Media Ombudsmen: Defenders of Truth and Confessors of Sins

If you really want to drive people nuts all a newspaper has to do is make an error in an obituary or a recipe, warned Timothy McNulty. The public editor of the Chicago Tribune, shared his experiences serving as both the newsroom’s moral conscience and correction maven at the Society for Professional Journalists/Colorado Pro Chapter (SPJ) discussion on Saturday in honor of journalism ethics week at the Denver Press Club.

In the midst of never-ending torrents of frustrated readers, defensive reporters, and angry cooks, the public editor – more commonly known as an ombudsman – must balance the need to promote transparency in the inner workings of a news organization with the responsibilities to criticize reporters who make errors and help them learn from their mistakes. While some media critics and bloggers would seem to prefer public floggings for fact check-depleted journalists and story-neutering editors, McNulty believes that a stern but quiet hand behind the scenes is more effective in addressing complaints, avoiding conflicts of interest, and resolving unintentional reporting biases.
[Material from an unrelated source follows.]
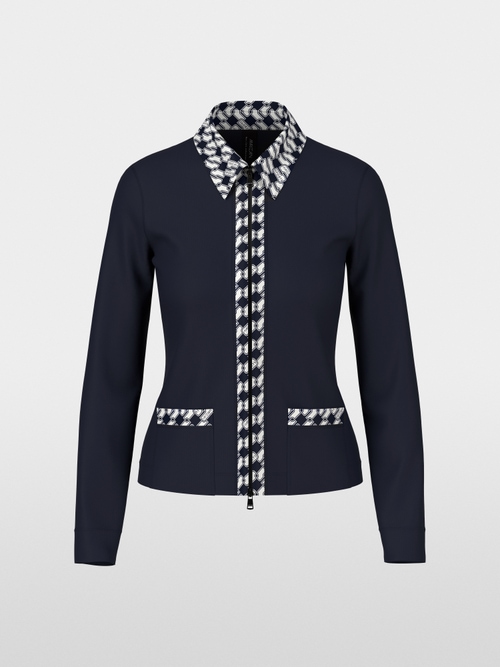 Jersey jacket with cube print details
At the Tribune, editors and reporters are required to respond to his requests for correction.

“Confession is a good thing,” said McNulty. “The faster we correct mistakes, the more credibility we have with our readers and sources.”

Unflappable would be an apt description of McNulty, a veteran journalist, who was appointed public editor at the Tribune early last year, after decades of covering the White House, foreign and national affairs, and holding editorial posts at the paper. McNulty still maintains an editorial role by helping decide Page One story placements and serves in an ex-officio capacity on the editorial board. As a result, he is one of the highest profile news ombudsmen in the nation.

Alternatively, most of the mere 32 bylined ombudsmen with print columns or aired segments among the thousands of U.S. media outlets perform their roles with little fanfare outside of their circulation or broadcast range. Andy Stone of the Colorado Mountain News Media is our state’s sole formally recognized newspaper ombudsman.

One, however, attracted a level of vitriol better known in shock jock talk radio circles.

Deborah Howell, the ombudsman for The Washington Post, violated the first commandment of journalism – don’t become the story.

In January 2006, Howell came under fire over a series of missteps in her own column that lacked the serious fact-checking and precise, even-tempered language ombudsmen demand of their own journalistic charges.

Howell’s thin-skin defeated her purpose when she was reported to have told Post insiders that she would no longer respond publicly to critics after she was excoriated by readers. The controversy erupted further when Executive Editor Jim Brady temporarily shut down an online reader comment section that viciously attacked Howell’s performance.

Following McNulty’s remarks, Colorado SPJ chair John Ensslin of the Rocky Mountain News led a panel discussion of editors – Randy Bangert, Greeley Tribune; Doug Bell, Evergreen Newspapers; Bob Moore, The Coloadoan; Andy Stone, Colorado Mountain News Media; National SPJ President Christine Tatum, The Denver Post, and media critics – Michael Roberts, Westword and Jason Salzman, Rocky Mountain News.

The group discussed wide-ranging views on the delicate roles of ombudsmen, citizen journalism and the new push for community involvement in newsgathering, and criticism of perceived ideological bias in news stories as a reflection of the readers’ own biases.

The most animated exchanges occurred over the affect of blogging by and about newspapers revealing a mixture of editorial fear, time constraints, a lack of newsroom resources, and a sense of resignation that readers expect interactivity served up with community news, sports and weather.

To raucous laughter and groans of acknowledgement, The Coloradoan’s Moore summed it up best about his hesitation to blog about the internal workings of the newsroom with “I know me. I am an Alec Baldwin moment away half the time.”